# Grooming Tools: Furminator vs King Komb



## whitneyk1719 (Dec 2, 2015)

Hello!


Lately I have been seeing a ton of advertisements for the King Komb deshedding grooming tool. Apparently it is supposed to be up to par with the Furminator but costs half the price (at least it does on Amazon). So my question is, what are your experiences with either tools? Are they worth the money?


----------



## Cassidy's Mom (Mar 30, 2003)

I've never heard of the King Komb, but I bought a Furminator a long time ago and was not impressed. I did buy a Mars Coat King a couple of months ago and really like it: https://www.amazon.com/gp/product/B007L9C31M/ref=oh_aui_detailpage_o05_s00?ie=UTF8&psc=1

I think it would be possible to overuse it, but used with a light touch it does a great job of getting out loose undercoat, and works well on mats or areas that just starting to mat. I also frequently use an undercoat rake, which can be used as often as you want without any risk of damage to the coat.


----------



## gsdluvr (Jun 26, 2012)

I have tried many. The furminator, a rake, pin brush, slickers, brushes etc.

I really like the SleekEZ for loosening up dead under hair and then going over with your favorite brush. But this tool does NOT do mats.
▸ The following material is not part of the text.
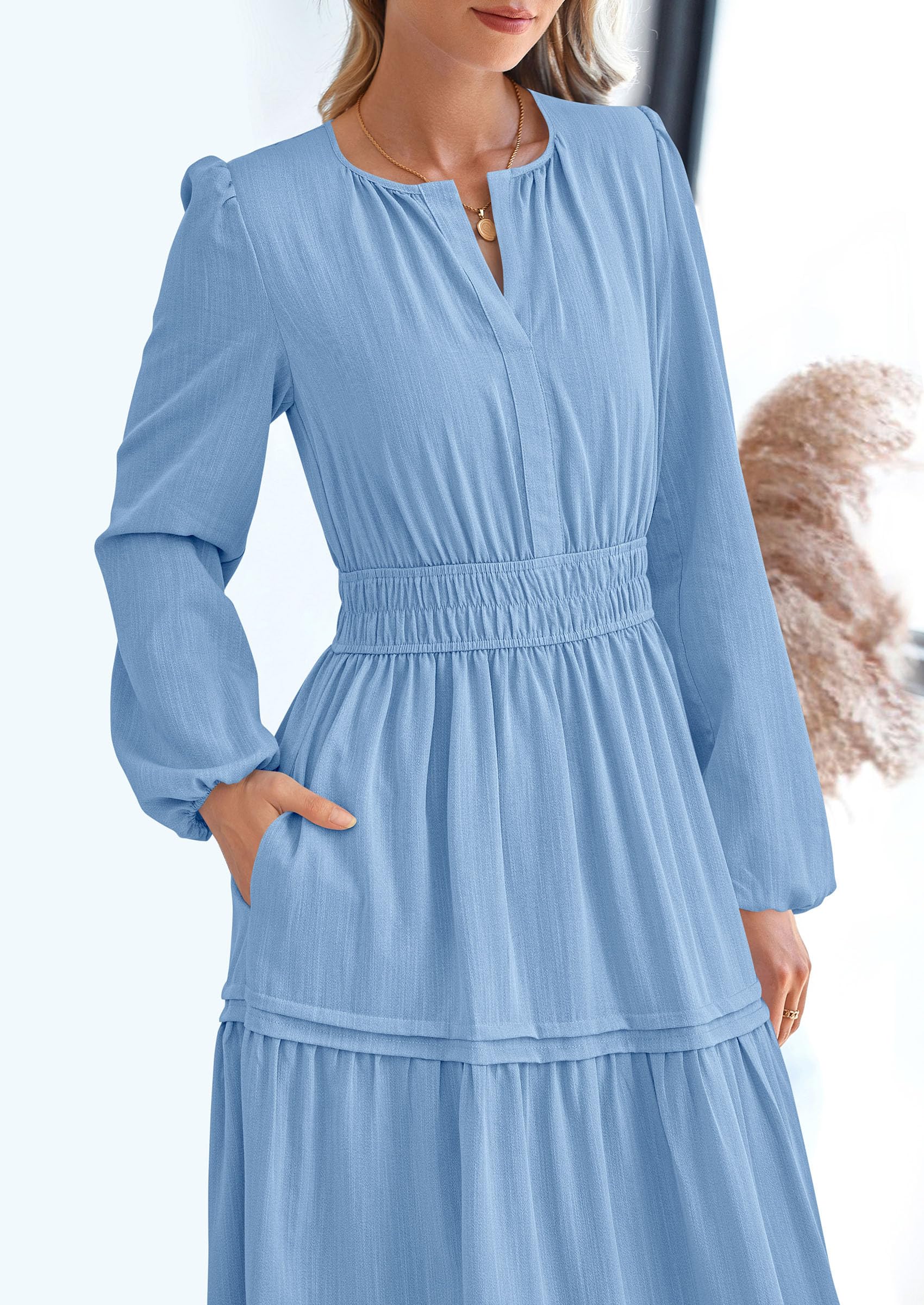 PRETTYGARDEN Women's Elegant Maxi Dresses Long Sleeve V Neck Flowy Pockets Casual Modest Dress Fall Fashion Clothes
Oh yes, I too have a Mars Coat King, it is good too.


----------



## Shade (Feb 20, 2012)

I was using the Furminator as needed, but ended up switching to a undercoat rake and a kong zoom groom. Much better results and I like the fact I can use them as often as I like without damaging the coat at all


----------



## whitneyk1719 (Dec 2, 2015)

I will definitely look into those! I never considered that it could damage the coat but looking at it I can definitely see how it would! Thank you all!


----------